_EXERCISE DESCRIPTION_
In the records below, begin at the line that has "woman wearing black jumpsuit" and stop after the line that has "Grey Roman blind"; quote those lines verbatim and nothing more.
*** Opening of SUPPLIED DATA ***
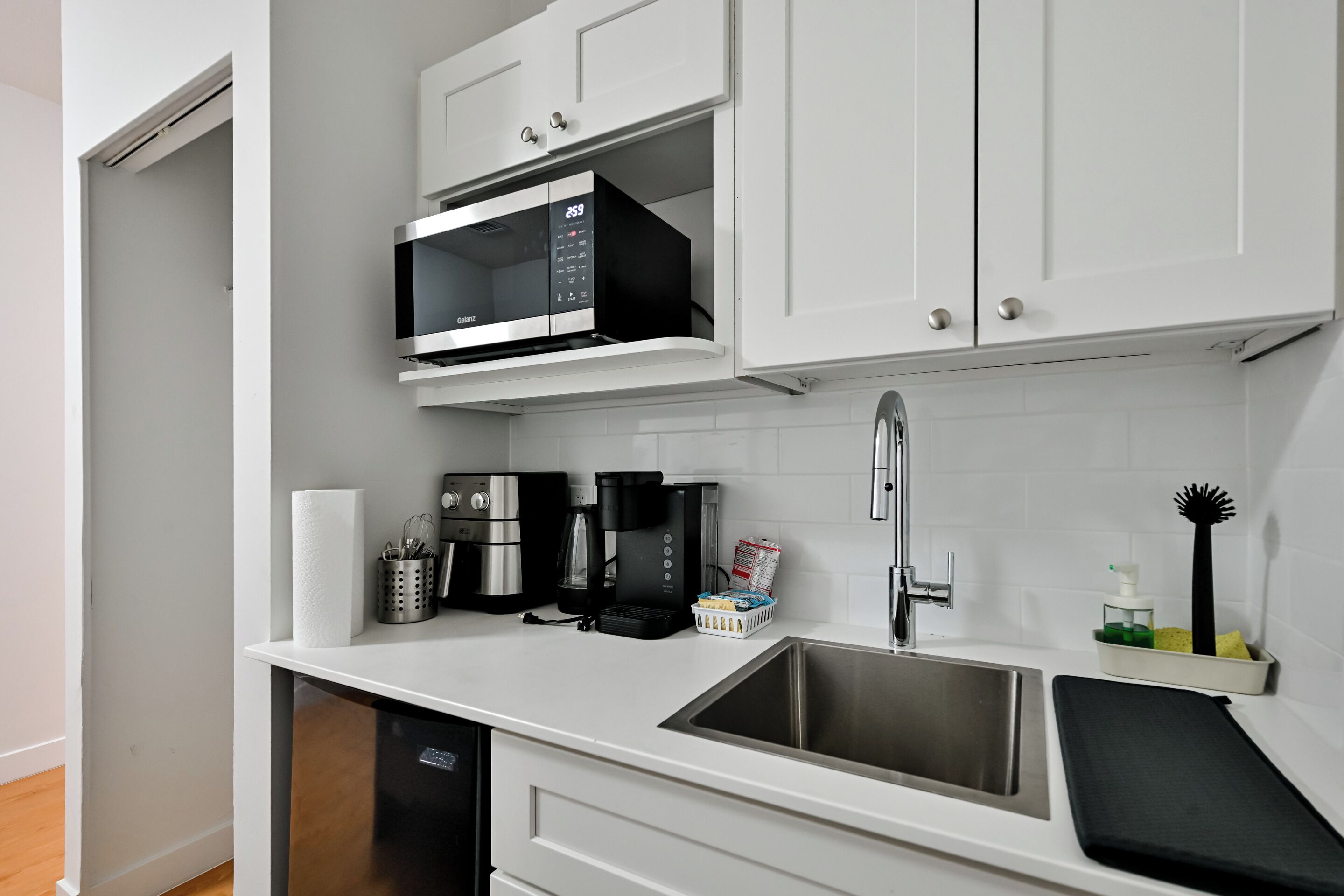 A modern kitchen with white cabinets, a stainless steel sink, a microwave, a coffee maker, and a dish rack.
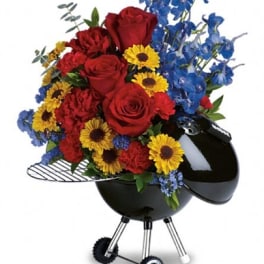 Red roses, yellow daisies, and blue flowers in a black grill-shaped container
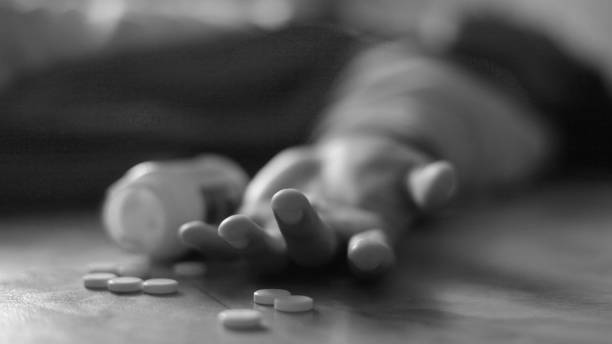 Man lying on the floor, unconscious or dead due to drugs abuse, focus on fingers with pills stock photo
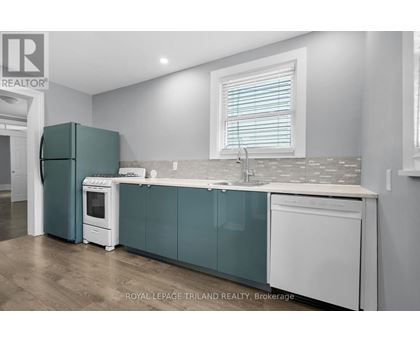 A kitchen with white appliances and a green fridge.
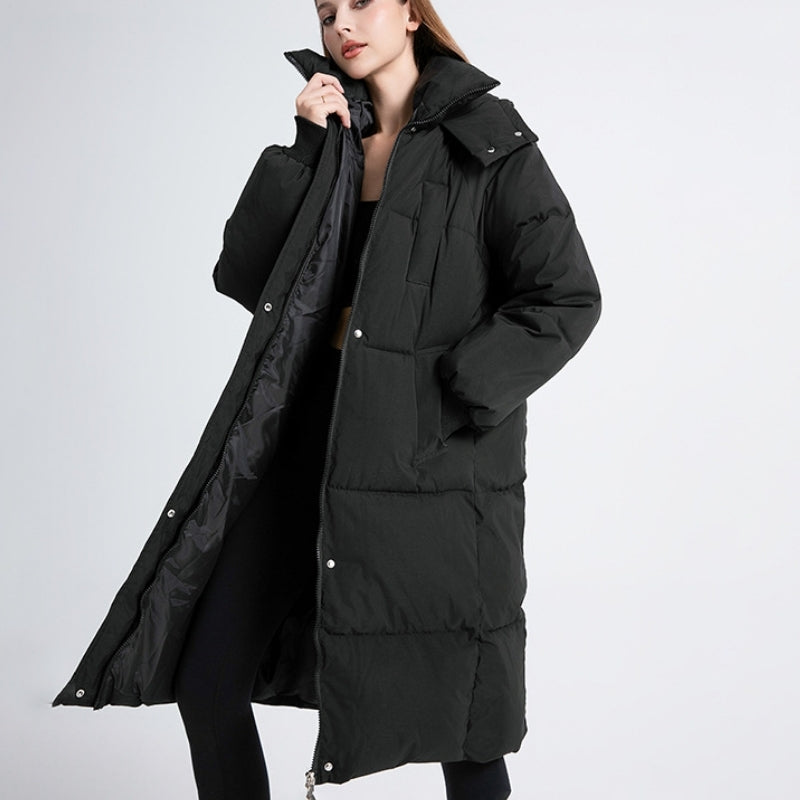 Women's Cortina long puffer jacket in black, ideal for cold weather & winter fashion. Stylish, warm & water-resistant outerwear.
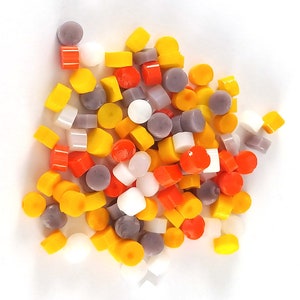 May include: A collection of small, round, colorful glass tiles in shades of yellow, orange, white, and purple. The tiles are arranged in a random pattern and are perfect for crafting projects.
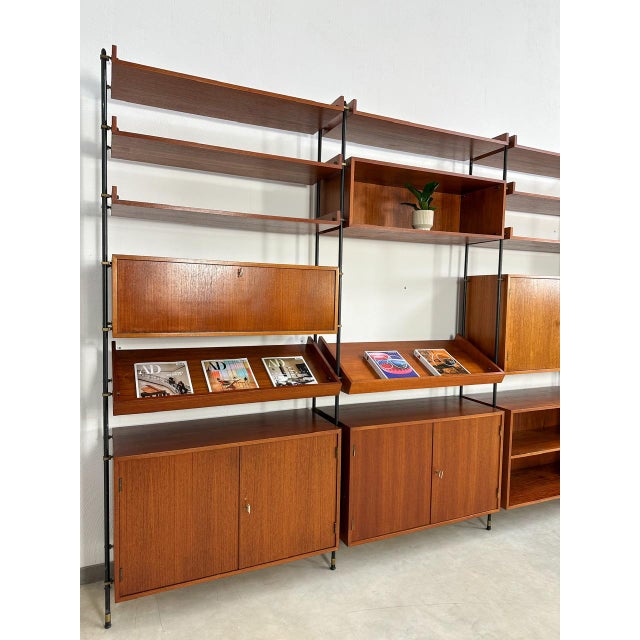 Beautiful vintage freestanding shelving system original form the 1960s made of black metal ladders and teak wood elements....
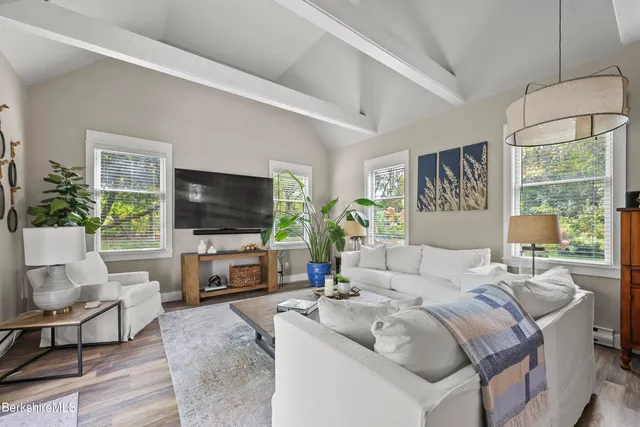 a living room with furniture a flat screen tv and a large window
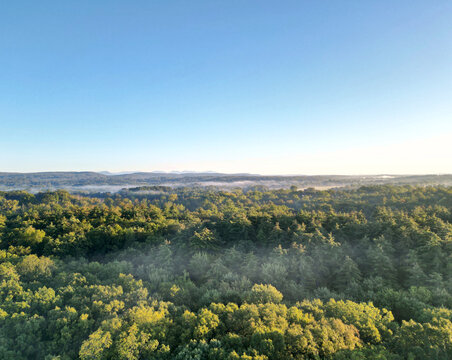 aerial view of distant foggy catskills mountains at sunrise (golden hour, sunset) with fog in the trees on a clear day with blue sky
*** Close of SUPPLIED DATA ***
*** Opening of SUPPLIED DATA ***
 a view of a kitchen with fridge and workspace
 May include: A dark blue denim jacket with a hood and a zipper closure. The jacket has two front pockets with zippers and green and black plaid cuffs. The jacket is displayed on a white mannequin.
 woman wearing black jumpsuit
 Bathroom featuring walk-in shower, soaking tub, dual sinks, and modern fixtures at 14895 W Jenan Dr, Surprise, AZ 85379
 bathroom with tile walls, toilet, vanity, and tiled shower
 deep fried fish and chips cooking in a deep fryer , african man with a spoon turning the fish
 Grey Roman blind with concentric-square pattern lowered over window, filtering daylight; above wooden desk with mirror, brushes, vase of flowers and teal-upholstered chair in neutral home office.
*** Close of SUPPLIED DATA ***
_YOUR RESPONSE_
 woman wearing black jumpsuit
 Bathroom featuring walk-in shower, soaking tub, dual sinks, and modern fixtures at 14895 W Jenan Dr, Surprise, AZ 85379
 bathroom with tile walls, toilet, vanity, and tiled shower
 deep fried fish and chips cooking in a deep fryer , african man with a spoon turning the fish
 Grey Roman blind with concentric-square pattern lowered over window, filtering daylight; above wooden desk with mirror, brushes, vase of flowers and teal-upholstered chair in neutral home office.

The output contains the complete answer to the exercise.